To fill a need in Theo’s life, along came Helga, a buxom jolly woman two years older than him. She was the daughter of the baker across the street, and she would come sneaking into his room in the black of night. They both were aware, had her father caught his “virgin” daughter in the room with Theo, Theo would be slaughtered and his daughter, Helga, sent to a nunnery. Helga’s parents were basic people, strong Catholics who held fast to their faith and they abided by the law of the church and man. Theo thought the end came one night when unable to locate his bottle of wine, he got up and flicked on the overhead light. Helga who was lying naked on the bed let out a scream that could have wakened everyone in the block, including her father and mother across the street. To Helga, being seen without her clothes on was a sin far worse than the act of fornication itself. Fortunately no one heard her scream, and Theo was careful after that never to turn the lights on. When Theo saw her there, naked on the bed, he got the idea of painting her in the nude. At first, when he asked her, she thought he was joking, but when she saw that he was serious she went into a fit. “How can you even think of something so vulgar,” she said and stormed out of the studio. It was a week before she came back, without apologies but with firm words, “Don’t ever ask me anything like that again.”

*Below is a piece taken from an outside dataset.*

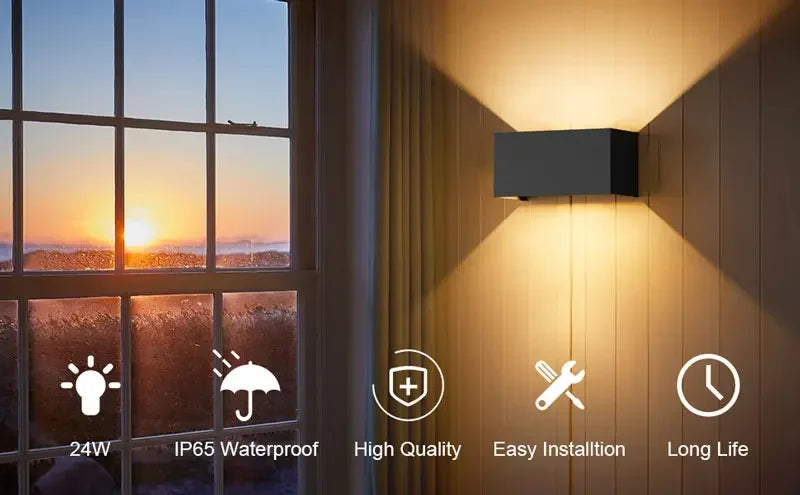 Modern Vägglampa i Aluminium – LED-ljus med IP65 Skyddsnivå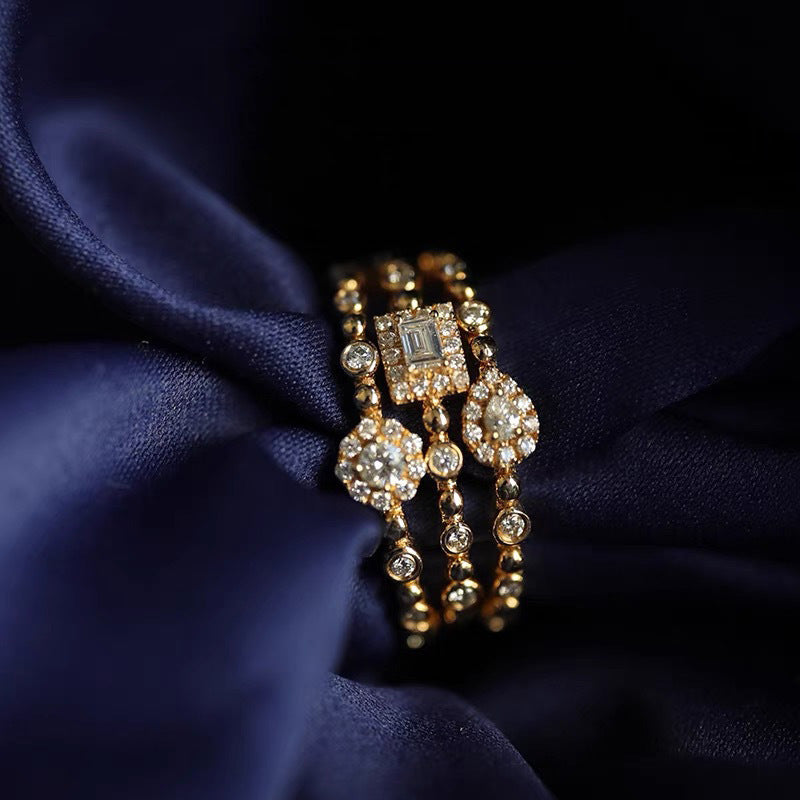 Wholesale Gold Plated Copper Diamond Stacking Ring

That night when they lay side by side in the dark, with Helga breathing heavily, Theo remembered a painting by Degas. He had to suppress a chuckle for fear of waking up Helga. The painting was the backside of a nude woman. She had both hands placed firmly on her buttocks. She stood next to an unmade up bed. The painting was titled “The Baker’s Wife.” He wondered if the baker had ever seen the painting, and now he wondered what would happen if he had painted Helga in the nude and her father saw the painting. He would be murdered, or else it would be marriage. Theo got thinking about another painting by Gauguin. Three or four workmen, he couldn’t remember how many, were at a beach in Normandy entering the water. They were in swimsuits that fully clothed their bodies. He then recalled Gauguin’s later paintings, those he did when he was in Tahiti. The Tahitian women wore no clothing. Theo wondered if that was really the way it was in Tahiti. Helga was a simple woman, the kind who makes a good attentive wife and a responsive mother. Theo was appreciative of her efforts, even though he knew when he met her at an exhibition that she would rather have been at the Sunday Flea Market than looking at paintings she didn’t understand. Nevertheless, she was an understanding woman and when Theo said he wanted to go to the French coast to see the countryside where Monet had painted his wonderful garden scenes, and which Pierre Loti had written so romantically about, she had no objection. She stole buns and poppy seed rolls from the bakery and packed him food for several days. He scraped his francs together, packed his easel and kit and bought a third class train ticket to Normandy.